Vi en la marquesina del autobús la fotografía de un anciano que se había perdido. Estaba en el mismo lugar donde una semana antes habían puesto la de un perro extraviado. En mi barrio desaparecen tantos ancianos como perros. Los anuncian en los quioscos de periódicos, en las marquesinas, y también en las farolas. A veces piensa uno que se fugan juntos los perros y los ancianos. Y también se evaporan los jóvenes. Sobre todo las chicas. Desaparecida, quince años, vestía pantalón vaquero y sudadera azul. En el escaparate de la panadería hay siempre un anuncio de desaparecida que te mira desde una fotografía mala, a veces de fotomatón, y uno baja los ojos porque resulta muy difícil mantener la mirada a una desaparecida adolescente.Me quedé con los rasgos del anciano pensando que sería emocionante tropezar con él y dar una alegría a la familia. Ya en el autobús, me fijé en un señor mayor que llevaba un Hola en las manos. Era un Hola manoseado, como si procediera de una papelera o de un contenedor de basura: no formaba evidentemente parte de sus hábitos gastronómicos, ni siquiera lectores. Aunque no era mi anciano, me dediqué a observarle y vi que antes de bajarse en la Castellana extraía un peine de una bolsa de plástico, en cuyo interior advertí también la existencia de una toalla pequeña, y se ordenaba unas hebras blancas que le crecían desordenadamente junto a las orejas. Deduje, pues, que era un hombre sin casa. Un mendigo. Sin duda, había dormido en algún portal de mi barrio y ahora se dirigía a pedir limosna al centro.

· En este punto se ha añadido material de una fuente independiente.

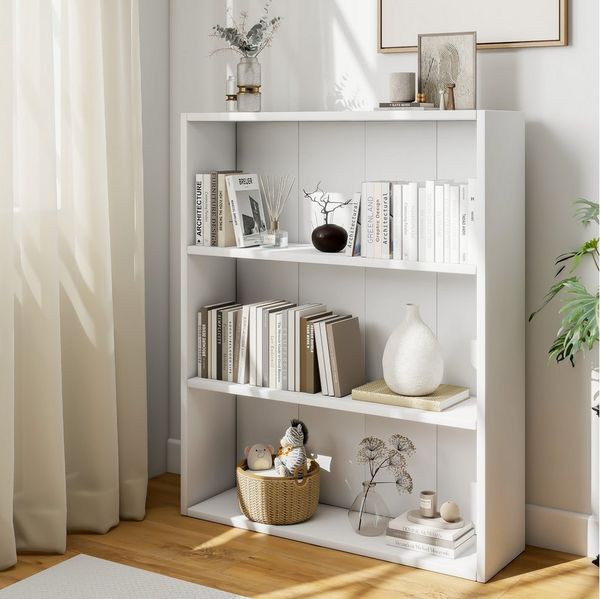 oyajia Bücherregal Bücherregal 100cm für Wohnzimmer Home Office,3-Stöckiges, Standregal, Büroregal, 3 Fächer, Holzwerkstoff, 80x24x100cm (BxTxH)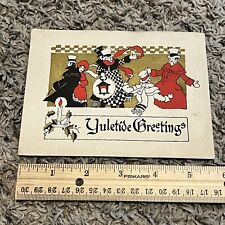 INTERESTING EARLY CHRISTMAS YULETIDE GREETINGS CARD (ONE SIDE) picture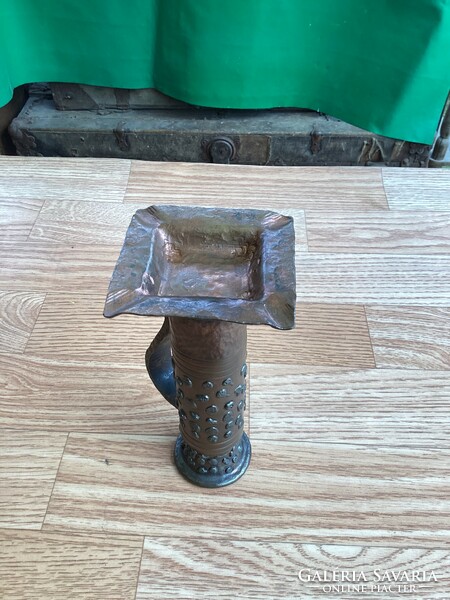 Bronze vase candle holder and ashtray in one 18 cm.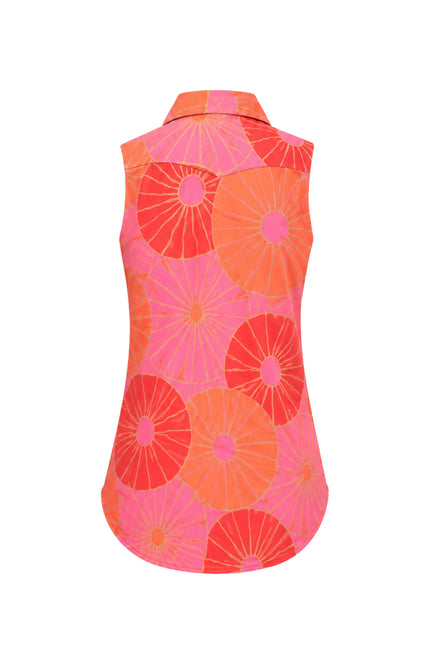 Mi Piace Travel Blouse Desert Anemone Print Coral 202299 Stretchshop.nl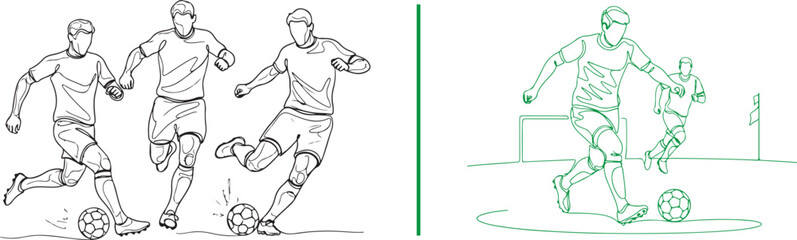 A dynamic vector set of male soccer players in action, featuring black line art of athletes dribbling and kicking, alongside a green minimalist illustration of a player on the field. © Muhammad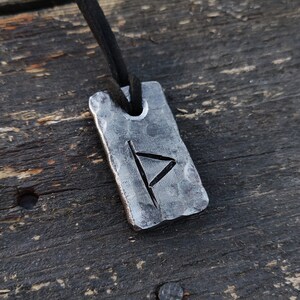 Runes Thurisaz, Forged Pendant Iron Amulet, Handmade Talisman, Runes Amulet Pendant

Bajé tras él, pues era muy pronto, con la idea de dar un paseo hasta la oficina, pero el anciano cogió en seguida un rumbo diferente al mío. Una vida misteriosa, pensé, tal vez ahora se pondría a pedir limosna en un semáforo, o tal vez se presentara en casa de una hija que le invitaría a desayunar de mala gana. Quizá era un anciano perdido cuya fotografía estaría pegada en las marquesinas de otro barrio. Compré La Farola a una polaca tempranera y llegué a las nueve menos diez al despacho. Le conté a mi compañero lo del anciano extraviado.

-Ahora me voy fijando en todos los ancianos, pero supongo que es imposible dar con él, sería una casualidad excesiva.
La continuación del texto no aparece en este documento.